Costumbre
se ha hecho que los cambios de año vengan acompañados por el reconocimiento de
palabras que en ellos se han puesto de moda. Posverdad y populismo son
las de 2016 a juicio del Diccionario Oxford y de la Fundación del Español
Urgente.
No
enmendaremos la plana a tan sabias decisiones. Sin embargo, a pesar de la
popularidad de la que ambos términos han gozado (y gozarán) durante los últimos
meses, conviene apuntar otro nada novedoso que se ha convertido en uno de los
mayores comodines del lenguaje público: lacra.

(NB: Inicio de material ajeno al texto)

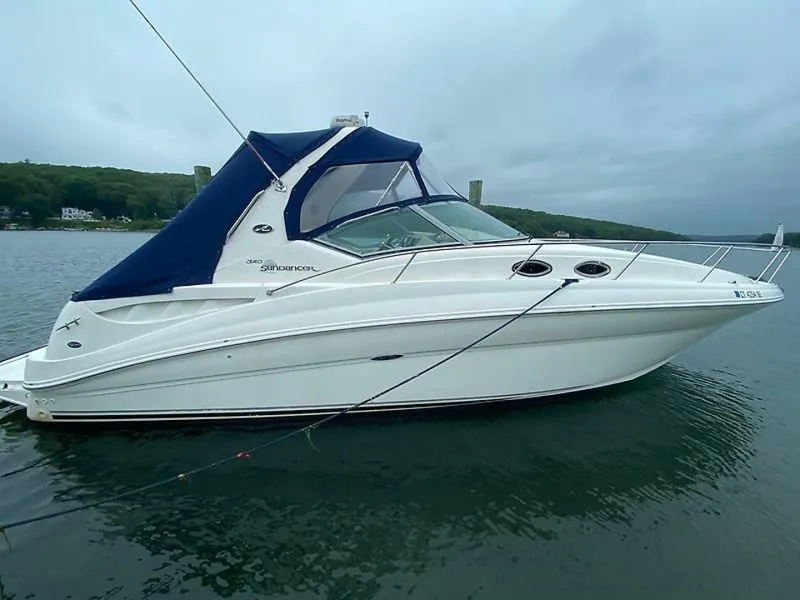Slide: The Image of Sea Ray 320 Sundancer 2004 - 6248765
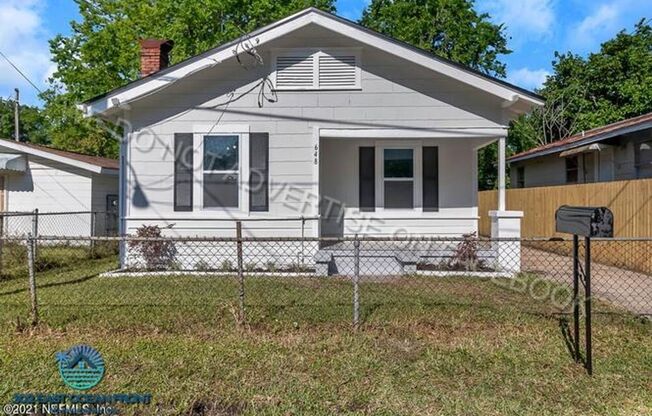 Lovely 2 bedroom / 1 bathroom home now available for rent!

Este vicio físico o moral es, al parecer, todo cuanto se puede decir acerca de
cualquier afrenta que la sociedad recibe en estos tiempos, ya sea el
terrorismo, ya sea la corrupción, ya sean los asesinatos machistas… Nadie
encuentra, o intenta encontrar, otro modo de referirse a todo ello, de tal
forma que las declaraciones sobre una u otra materia son intercambiables entre
sí y fáciles de acomodar al contexto que corresponda en cada caso. En suma, se
trata de no decir nada, que es lo que suele ocurrir con ese tipo de mensajes
reiterativos: acaban perdiendo su significado a fuerza de ser manoseados y,
lamentablemente, trasladan ese mismo vacío a aquello a lo que vienen a
calificar.
No se trata de
que los personajes públicos sean doctos en el uso del lenguaje, poco se puede
esperar ya de esa fuente, ni que cualquiera de nosotros escape de los tics
impuestos por la comunicación simplista que rige casi toda la información
publicada, pero sí sería deseable un poco más de rigor a quienes hace
valoraciones en voz alta, una mínima demostración de que se está por encima de
los umbrales de la enseñanza obligatoria y un mérito, lingüístico, para ganarse
el sueldo como portavoces oficiales.
De lo
contrario, como tristemente ocurre, la lacra primera, aquella que marca a quien
la tiene, no será otra que la pobreza expresiva, que es tanto como decir
pobreza mental, cuyo mayor exponente es hoy, no por casualidad, uno de los
mayores expertos en posverdad y en populismo.